> [What this task involves]: Every line of the listing below from the one with "Paczka Cienkopis MP 0.4mm czarny 12 sztuk" up to and including the one with "2009 Kubota V3600" should be retyped exactly, and nothing else; pictures are not part of the copy.

> [Data for review]:
►

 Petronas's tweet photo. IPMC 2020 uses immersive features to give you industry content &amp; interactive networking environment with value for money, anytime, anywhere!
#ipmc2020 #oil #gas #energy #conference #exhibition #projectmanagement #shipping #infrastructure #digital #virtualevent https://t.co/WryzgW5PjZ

◄
►

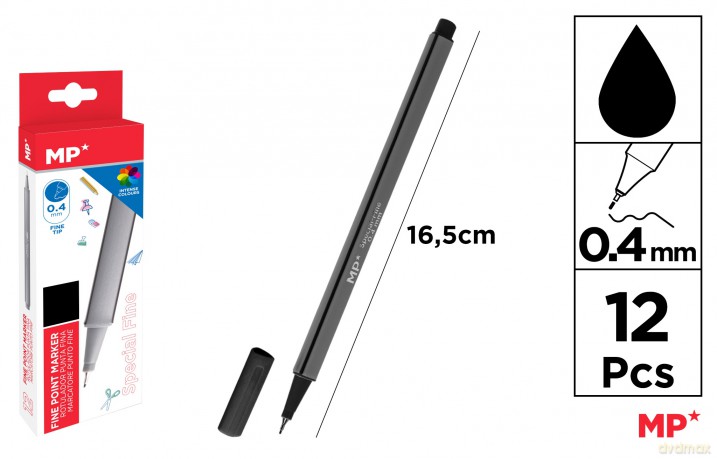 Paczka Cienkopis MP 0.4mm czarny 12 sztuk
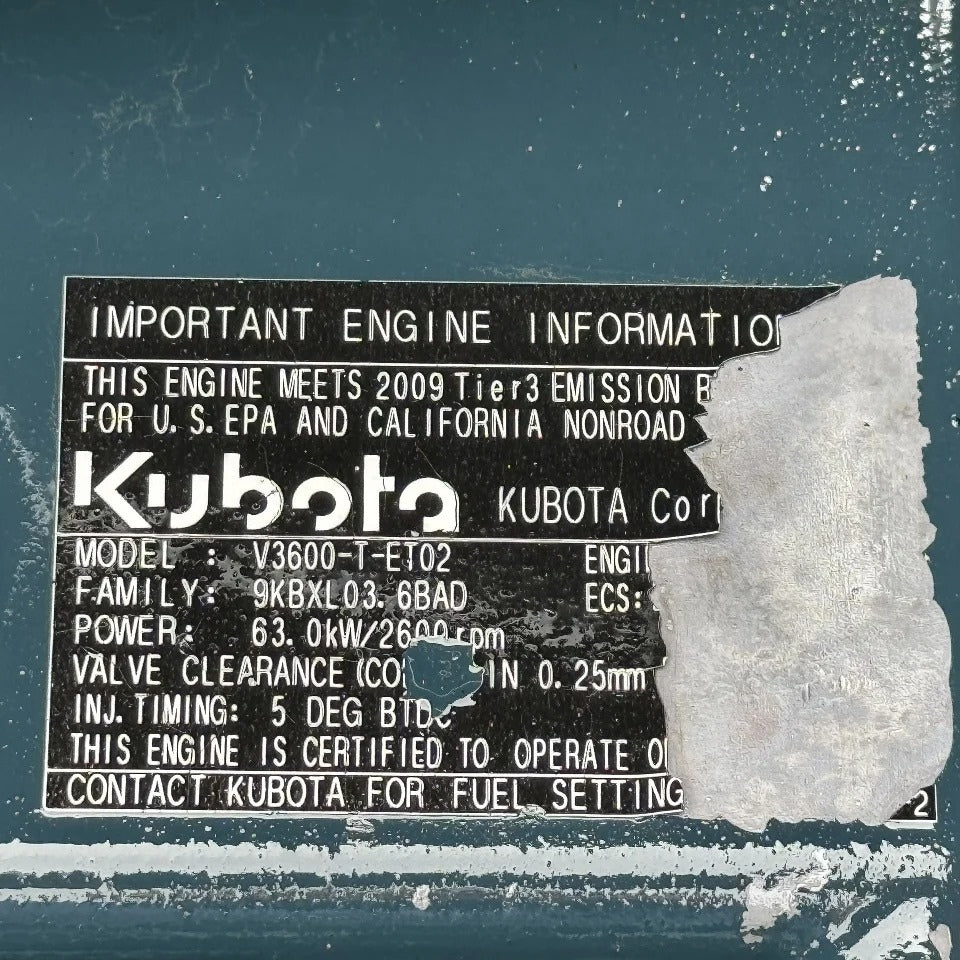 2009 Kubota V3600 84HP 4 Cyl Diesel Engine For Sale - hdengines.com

◄

> [Output]:
 Paczka Cienkopis MP 0.4mm czarny 12 sztuk
 2009 Kubota V3600 84HP 4 Cyl Diesel Engine For Sale - hdengines.com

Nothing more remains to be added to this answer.